-- GIVEN DATA follows --

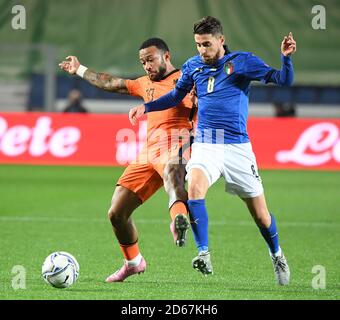 Bergamo, Italia. 14 ottobre 2020. Il Jorginho (R) italiano viena con il Memphis Depay olandese durante la loro partita di calcio della UEFA Nations League a Bergamo, Italia, 14 ottobre 2020. Credit: Alberto Lingria/Xinhua/Alamy Live News Foto Stock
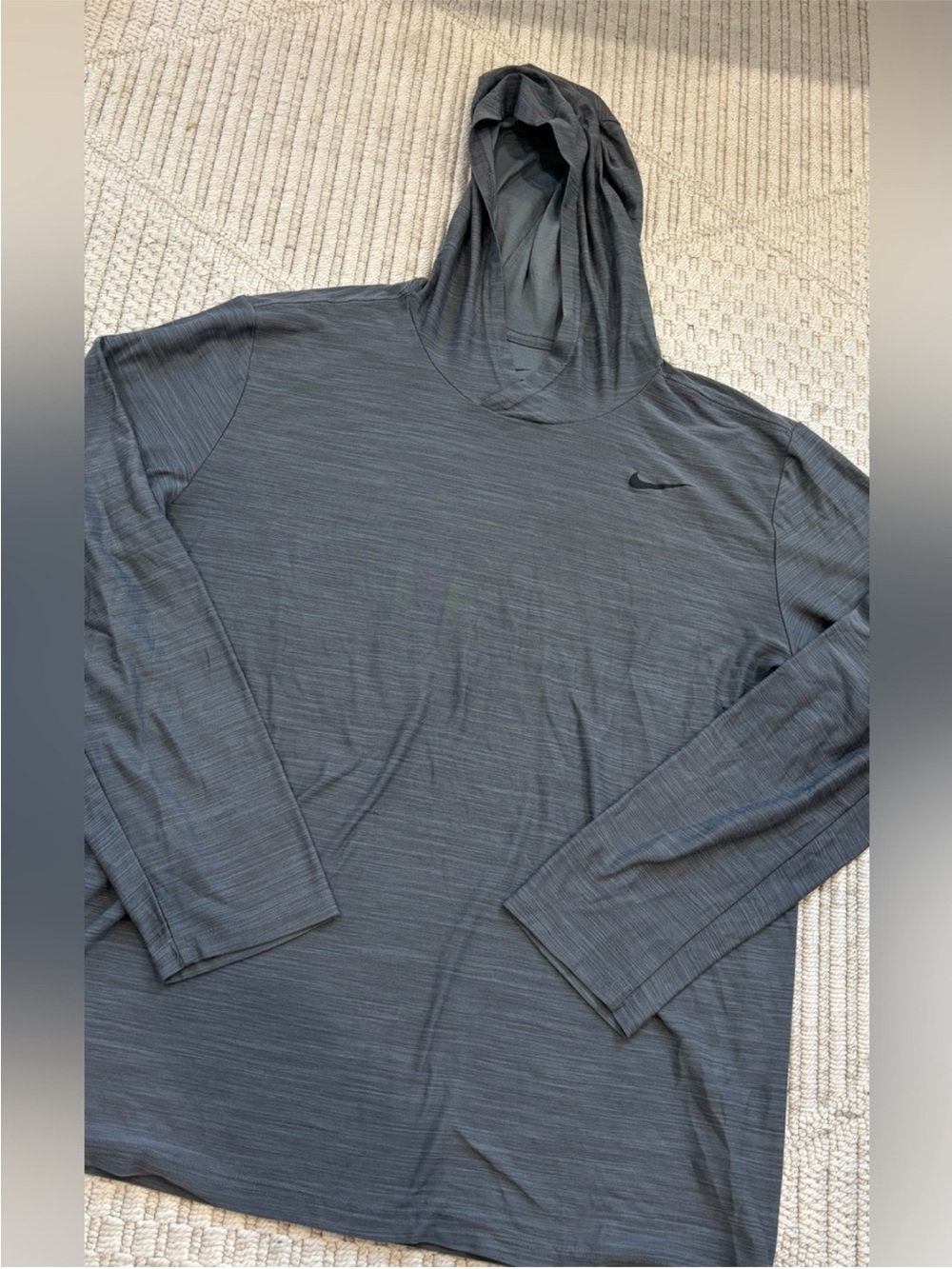 Nike Women’s Charcoal Hooded Long-Sleeve DRI FIT Performance Top - Picture 5 of 5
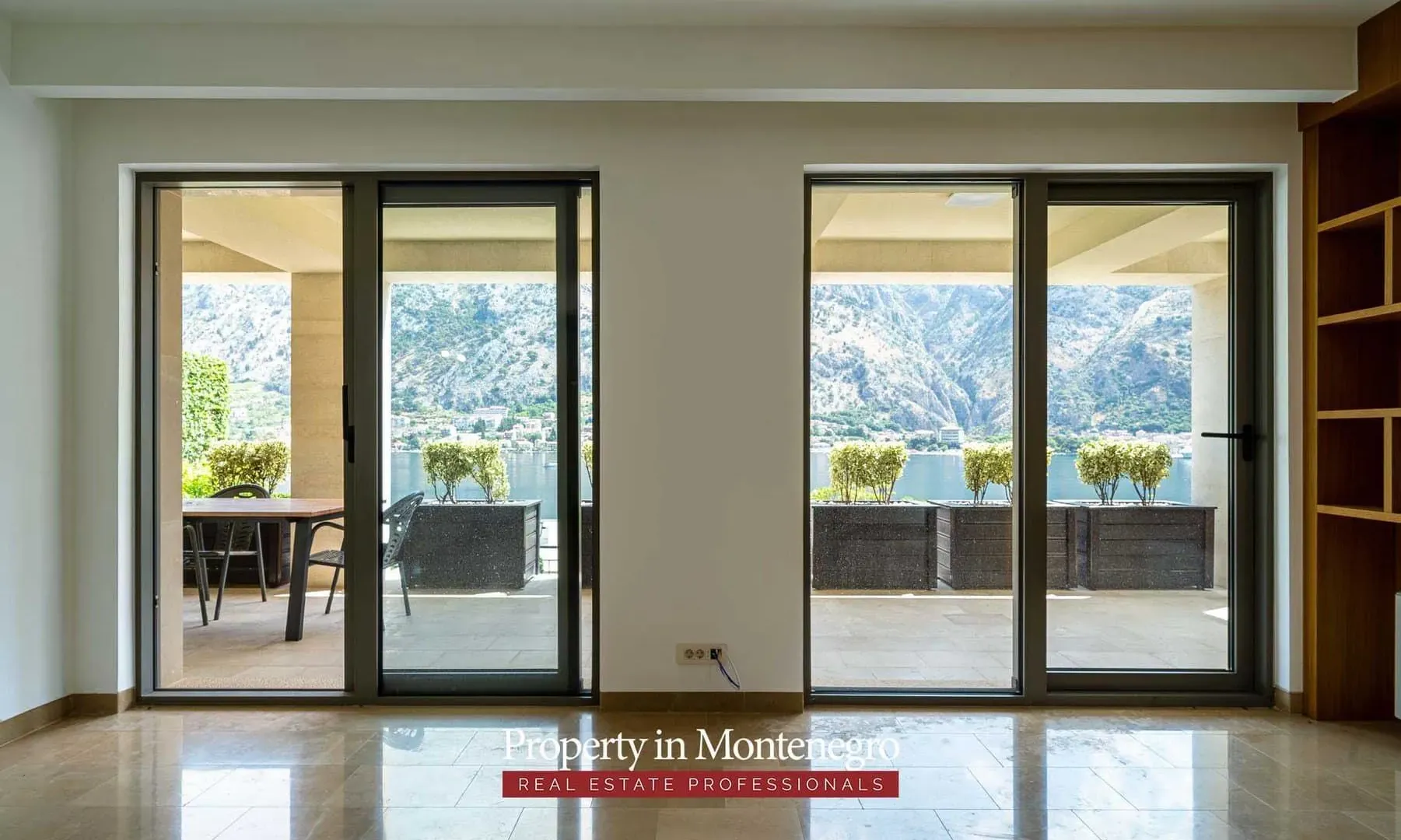 Prodaja, kuća, 520m², Muo, Kotor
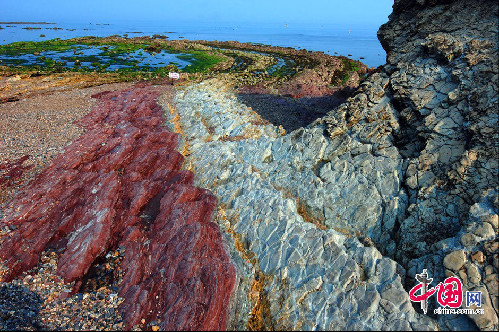 Amazing Golden Pebble Beach in China's Dalian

-- GIVEN DATA concluded --

> WHAT YOU HAVE TO DO
Every line of the data above should be returned exactly, with the pictures removed.

> RESULT OF THIS EXERCISE
 Bergamo, Italia. 14 ottobre 2020. Il Jorginho (R) italiano viena con il Memphis Depay olandese durante la loro partita di calcio della UEFA Nations League a Bergamo, Italia, 14 ottobre 2020. Credit: Alberto Lingria/Xinhua/Alamy Live News Foto Stock
 Nike Women’s Charcoal Hooded Long-Sleeve DRI FIT Performance Top - Picture 5 of 5
 Prodaja, kuća, 520m², Muo, Kotor
 Amazing Golden Pebble Beach in China's Dalian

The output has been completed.